Although Russia has certainly been “using cyber attacks and disinformation/misinformation attacks against Ukraine as part of its military action there,” there is no evidence of Russian cyberattacks against the US, NATO, or other targets as “all sides thus far seem to agree that attacks on critical infrastructure outside Ukraine would be significantly escalatory,” said Fick.
The US Congress last week approved new rules that require companies critical to US national interests to report when they’ve been hacked or have paid ransom following a ransomware attack.

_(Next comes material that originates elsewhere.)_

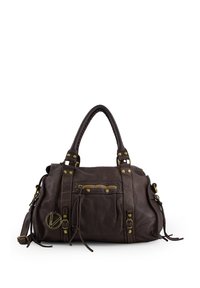 Braune Lederhandtasche mit strukturierter Oberfläche, goldfarbenen Beschlägen und zwei kurzen Griffen. Verfügt über eine vordere Reißverschlusstasche und seitliche Bänder.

The rules are part of a broader effort by the Biden administration and Congress to shore up US cyber defenses. The reporting will give the federal government much greater visibility into hacking efforts that target private companies, which often have skipped going to the FBI or other agencies for help.
It requires any entity that’s considered part of the nation’s critical infrastructure, which includes the finance, transportation, and energy sectors, to report any “substantial cyber incident” to the government within three days and any ransomware payment made within 24 hours.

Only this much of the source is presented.